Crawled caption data
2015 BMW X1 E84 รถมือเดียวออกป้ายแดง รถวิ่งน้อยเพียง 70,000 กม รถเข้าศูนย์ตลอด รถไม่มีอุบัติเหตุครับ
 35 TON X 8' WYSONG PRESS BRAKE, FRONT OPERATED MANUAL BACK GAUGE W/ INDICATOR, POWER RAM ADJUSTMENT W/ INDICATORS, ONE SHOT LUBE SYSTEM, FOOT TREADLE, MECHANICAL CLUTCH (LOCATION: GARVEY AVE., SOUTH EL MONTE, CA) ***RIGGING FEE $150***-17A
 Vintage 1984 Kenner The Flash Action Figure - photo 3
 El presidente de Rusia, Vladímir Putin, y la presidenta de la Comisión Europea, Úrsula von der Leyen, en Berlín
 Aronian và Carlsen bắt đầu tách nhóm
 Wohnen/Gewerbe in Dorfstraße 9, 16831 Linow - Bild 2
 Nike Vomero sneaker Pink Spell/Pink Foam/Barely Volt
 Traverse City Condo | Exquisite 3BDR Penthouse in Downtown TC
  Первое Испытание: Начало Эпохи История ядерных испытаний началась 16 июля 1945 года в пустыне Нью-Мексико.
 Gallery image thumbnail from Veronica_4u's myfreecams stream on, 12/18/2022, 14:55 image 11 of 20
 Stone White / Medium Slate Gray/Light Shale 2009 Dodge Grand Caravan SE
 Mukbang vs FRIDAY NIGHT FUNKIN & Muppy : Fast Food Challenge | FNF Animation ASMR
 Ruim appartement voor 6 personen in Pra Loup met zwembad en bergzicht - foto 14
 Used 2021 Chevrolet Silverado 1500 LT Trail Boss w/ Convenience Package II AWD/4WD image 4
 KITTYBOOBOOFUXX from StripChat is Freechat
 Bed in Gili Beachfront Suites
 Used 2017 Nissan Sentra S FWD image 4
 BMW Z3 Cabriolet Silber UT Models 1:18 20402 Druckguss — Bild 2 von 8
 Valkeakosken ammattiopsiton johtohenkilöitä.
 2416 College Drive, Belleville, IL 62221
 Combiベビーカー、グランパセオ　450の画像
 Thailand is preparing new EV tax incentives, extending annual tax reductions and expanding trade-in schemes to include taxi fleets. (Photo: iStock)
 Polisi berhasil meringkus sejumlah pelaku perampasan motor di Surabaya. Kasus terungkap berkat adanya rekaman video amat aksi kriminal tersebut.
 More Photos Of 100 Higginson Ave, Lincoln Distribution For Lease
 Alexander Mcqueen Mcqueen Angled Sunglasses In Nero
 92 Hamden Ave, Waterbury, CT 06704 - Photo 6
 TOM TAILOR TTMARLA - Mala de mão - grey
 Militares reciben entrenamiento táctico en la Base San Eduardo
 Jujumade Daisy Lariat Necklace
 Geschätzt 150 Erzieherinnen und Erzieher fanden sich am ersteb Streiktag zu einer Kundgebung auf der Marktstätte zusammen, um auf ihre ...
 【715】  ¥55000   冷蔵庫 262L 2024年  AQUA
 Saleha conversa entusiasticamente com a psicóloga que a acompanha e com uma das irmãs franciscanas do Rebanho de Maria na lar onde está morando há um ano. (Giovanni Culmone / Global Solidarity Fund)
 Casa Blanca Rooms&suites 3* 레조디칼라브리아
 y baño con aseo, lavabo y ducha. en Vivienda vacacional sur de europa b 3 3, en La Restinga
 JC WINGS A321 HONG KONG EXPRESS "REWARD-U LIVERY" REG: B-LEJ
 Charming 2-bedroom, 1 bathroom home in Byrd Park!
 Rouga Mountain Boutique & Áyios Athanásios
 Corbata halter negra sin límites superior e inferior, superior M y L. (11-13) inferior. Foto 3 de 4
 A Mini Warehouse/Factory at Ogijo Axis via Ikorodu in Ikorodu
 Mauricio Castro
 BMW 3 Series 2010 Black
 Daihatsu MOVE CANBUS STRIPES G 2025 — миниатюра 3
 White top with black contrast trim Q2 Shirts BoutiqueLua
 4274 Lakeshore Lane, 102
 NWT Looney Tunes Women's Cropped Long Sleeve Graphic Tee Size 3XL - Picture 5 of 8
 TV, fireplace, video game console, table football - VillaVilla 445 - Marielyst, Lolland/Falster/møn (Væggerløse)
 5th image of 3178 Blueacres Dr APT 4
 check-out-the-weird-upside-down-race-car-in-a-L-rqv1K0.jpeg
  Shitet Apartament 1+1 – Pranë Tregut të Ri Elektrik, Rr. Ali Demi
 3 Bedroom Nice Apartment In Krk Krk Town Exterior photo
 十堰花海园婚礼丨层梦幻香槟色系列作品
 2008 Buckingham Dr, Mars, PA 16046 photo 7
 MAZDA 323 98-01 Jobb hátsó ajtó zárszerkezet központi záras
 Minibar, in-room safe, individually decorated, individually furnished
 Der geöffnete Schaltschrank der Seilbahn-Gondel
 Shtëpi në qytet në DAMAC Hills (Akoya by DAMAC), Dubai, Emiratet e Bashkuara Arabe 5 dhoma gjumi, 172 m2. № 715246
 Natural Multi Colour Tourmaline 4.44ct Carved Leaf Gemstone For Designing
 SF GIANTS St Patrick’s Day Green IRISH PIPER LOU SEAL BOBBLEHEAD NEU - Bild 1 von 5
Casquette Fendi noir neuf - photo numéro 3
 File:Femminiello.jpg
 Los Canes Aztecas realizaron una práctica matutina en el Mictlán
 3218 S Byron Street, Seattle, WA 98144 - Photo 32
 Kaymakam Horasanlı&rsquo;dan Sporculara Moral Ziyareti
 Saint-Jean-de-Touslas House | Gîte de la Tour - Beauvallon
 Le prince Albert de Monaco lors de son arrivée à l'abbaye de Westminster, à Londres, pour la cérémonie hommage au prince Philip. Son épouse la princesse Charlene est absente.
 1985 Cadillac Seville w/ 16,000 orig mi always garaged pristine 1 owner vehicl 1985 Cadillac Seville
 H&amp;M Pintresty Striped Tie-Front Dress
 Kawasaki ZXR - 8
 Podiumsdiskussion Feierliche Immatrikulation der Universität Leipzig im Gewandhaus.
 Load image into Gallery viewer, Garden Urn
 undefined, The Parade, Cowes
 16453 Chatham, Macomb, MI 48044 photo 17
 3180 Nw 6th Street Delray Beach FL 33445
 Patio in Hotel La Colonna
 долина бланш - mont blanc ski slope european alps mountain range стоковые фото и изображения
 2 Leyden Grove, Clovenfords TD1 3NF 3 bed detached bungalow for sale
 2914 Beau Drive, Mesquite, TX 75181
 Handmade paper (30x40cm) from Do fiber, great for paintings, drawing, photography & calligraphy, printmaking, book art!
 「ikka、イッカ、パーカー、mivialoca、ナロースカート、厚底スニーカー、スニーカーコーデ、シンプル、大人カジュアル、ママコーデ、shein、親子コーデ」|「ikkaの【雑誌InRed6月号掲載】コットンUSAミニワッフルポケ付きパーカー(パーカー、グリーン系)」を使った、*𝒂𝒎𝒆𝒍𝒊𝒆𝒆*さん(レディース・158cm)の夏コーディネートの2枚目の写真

> [TASK]:
Copy from the line with "Natural Multi Colour" to the final line of the records, inclusive, and add nothing else.

> [WRITTEN SOLUTION]:
 Natural Multi Colour Tourmaline 4.44ct Carved Leaf Gemstone For Designing
 SF GIANTS St Patrick’s Day Green IRISH PIPER LOU SEAL BOBBLEHEAD NEU - Bild 1 von 5
Casquette Fendi noir neuf - photo numéro 3
 File:Femminiello.jpg
 Los Canes Aztecas realizaron una práctica matutina en el Mictlán
 3218 S Byron Street, Seattle, WA 98144 - Photo 32
 Kaymakam Horasanlı&rsquo;dan Sporculara Moral Ziyareti
 Saint-Jean-de-Touslas House | Gîte de la Tour - Beauvallon
 Le prince Albert de Monaco lors de son arrivée à l'abbaye de Westminster, à Londres, pour la cérémonie hommage au prince Philip. Son épouse la princesse Charlene est absente.
 1985 Cadillac Seville w/ 16,000 orig mi always garaged pristine 1 owner vehicl 1985 Cadillac Seville
 H&amp;M Pintresty Striped Tie-Front Dress
 Kawasaki ZXR - 8
 Podiumsdiskussion Feierliche Immatrikulation der Universität Leipzig im Gewandhaus.
 Load image into Gallery viewer, Garden Urn
 undefined, The Parade, Cowes
 16453 Chatham, Macomb, MI 48044 photo 17
 3180 Nw 6th Street Delray Beach FL 33445
 Patio in Hotel La Colonna
 долина бланш - mont blanc ski slope european alps mountain range стоковые фото и изображения
 2 Leyden Grove, Clovenfords TD1 3NF 3 bed detached bungalow for sale
 2914 Beau Drive, Mesquite, TX 75181
 Handmade paper (30x40cm) from Do fiber, great for paintings, drawing, photography & calligraphy, printmaking, book art!
 「ikka、イッカ、パーカー、mivialoca、ナロースカート、厚底スニーカー、スニーカーコーデ、シンプル、大人カジュアル、ママコーデ、shein、親子コーデ」|「ikkaの【雑誌InRed6月号掲載】コットンUSAミニワッフルポケ付きパーカー(パーカー、グリーン系)」を使った、*𝒂𝒎𝒆𝒍𝒊𝒆𝒆*さん(レディース・158cm)の夏コーディネートの2枚目の写真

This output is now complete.